The Philippine Red Cross and its partners were preparing for a major relief effort “because of the magnitude of the disaster,” said the agency’s chairman, Richard Gordon.
Capt. John Andrews, deputy director general of the Civil Aviation Authority of the Philippines said he received “reliable information” by radio from his staff that more than 100 bodies were lying in the streets of Tacloban on Leyte Island.
It was one of six islands slammed by the storm.
The airport in Tacloban, a city of 200,000 located about 360 miles southeast of Manila, looked like a muddy wasteland of debris Saturday, with crumpled tin roofs and upturned cars. The airport tower’s glass windows were shattered, and air force helicopters were flying in and out at the start of relief operations.

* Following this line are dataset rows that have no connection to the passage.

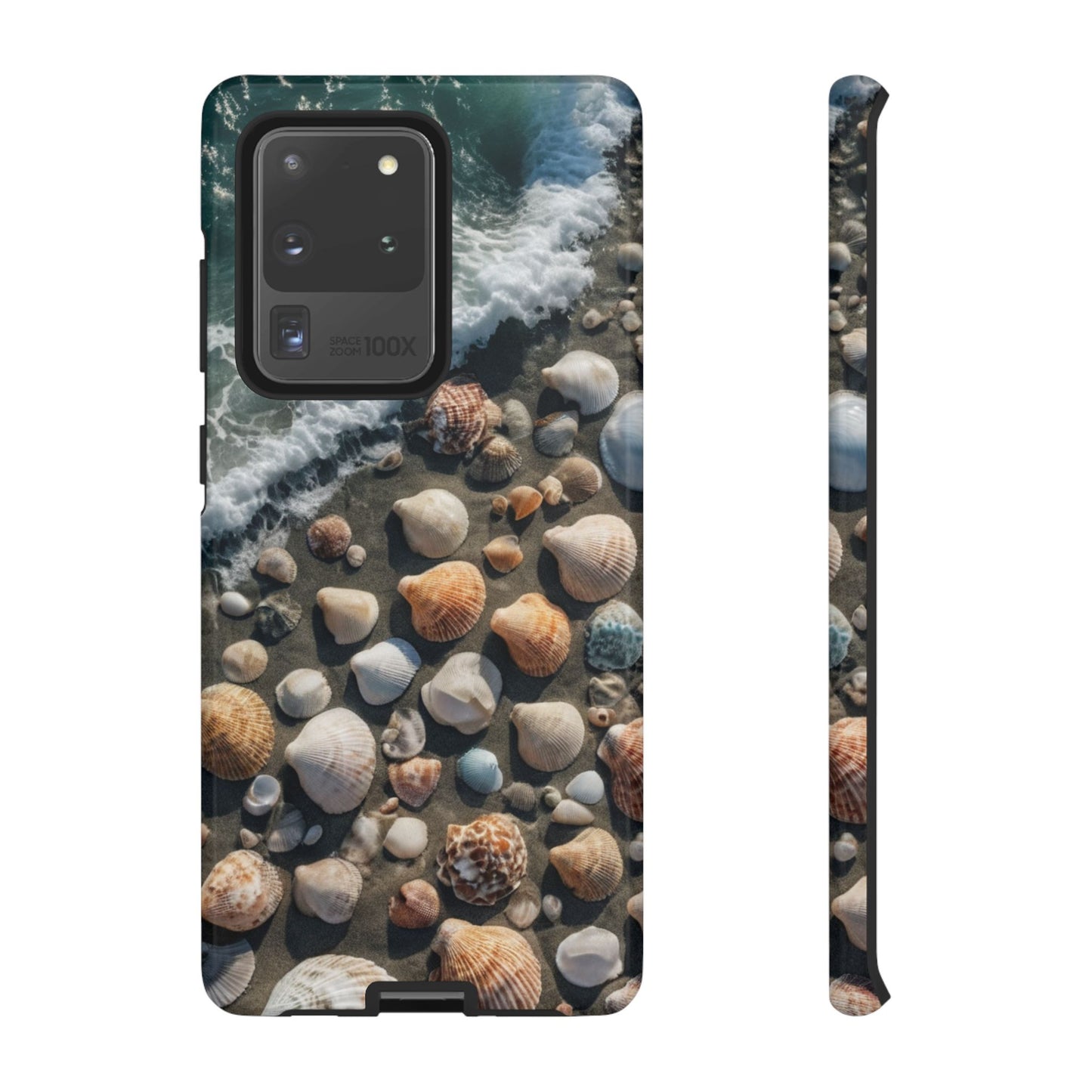 She Sells Sea Shells Phone Case for iPhone 8–16 Pro Max, Pixel 5–8 Pro, Galaxy S10–S24 Ultra - Designed by Thalia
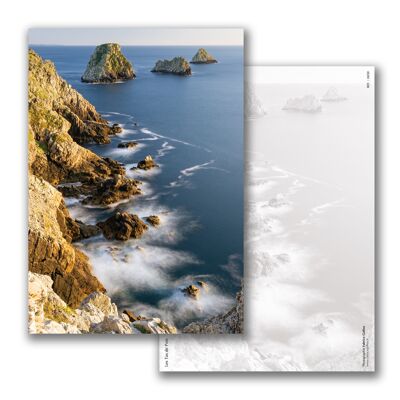 A5-Postkarte - Die Erbsenhaufen, Halbinsel Crozon, Finistère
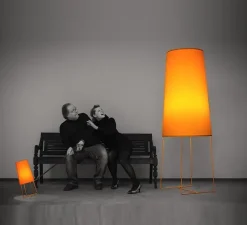 Lampadaire*Fraumaier Lampadaire, Fatsophie, , DIM, H198cm - orange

Andrews said the seaside airport terminal was “ruined” by storm surges.
Television images showed residents of Tacloban wading through flooded streets littered half-submerged cars, Reuters reported. Communications networks and most roads were cut off after heavy flooding.
“Almost all houses were destroyed, many are totally damaged. Only a few are left standing,” Major Rey Balido, a spokesman for the national disaster agency, told Reuters.
“A lot of the dead were scattered,” said Joseph de la Cruz, who hitched a ride on military plane after walking eight hours to reach the airport.
The Philippine television station GMA reported its news team saw 11 bodies, including that of a child, washed ashore Friday and 20 more bodies at a pier in Tacloban hours after the typhoon ripped through the coastal city.
At least 20 more bodies were taken to a church in nearby Palo town that was used as an evacuation center but had to be abandoned when its roofs were blown away, the TV network reported. TV images showed howling winds peeling off tin roof sheets during heavy rain.
Ferocious winds felled large branches and snapped coconut trees. A man was shown carrying the body of his 6-year-old daughter who drowned, and another image showed vehicles piled up in debris.
“I saw those big waves and immediately told my neighbors to flee. We thought it was a tsunami,” Floremil Mazo, a villager in southeastern Davao Oriental province, told Reuters.
Nearly 800,000 people were forced to flee their homes and damage was believed to be extensive. About 4 million people were affected by the typhoon, the national disaster agency said.
Weather officials said Haiyan had sustained winds of 147 mph with gusts of 275 kph 170 mph when it made landfall. By those measurements, Haiyan would be comparable to a strong Category 4 hurricane in the U.S., nearly in the top category, a 5.
Hurricanes, cyclones and typhoons are the same thing. They are just called different names in different parts of the world.
The typhoon’s sustained winds weakened Saturday to 101 mph with stronger gusts as it blew farther away from the Philippines toward Vietnam.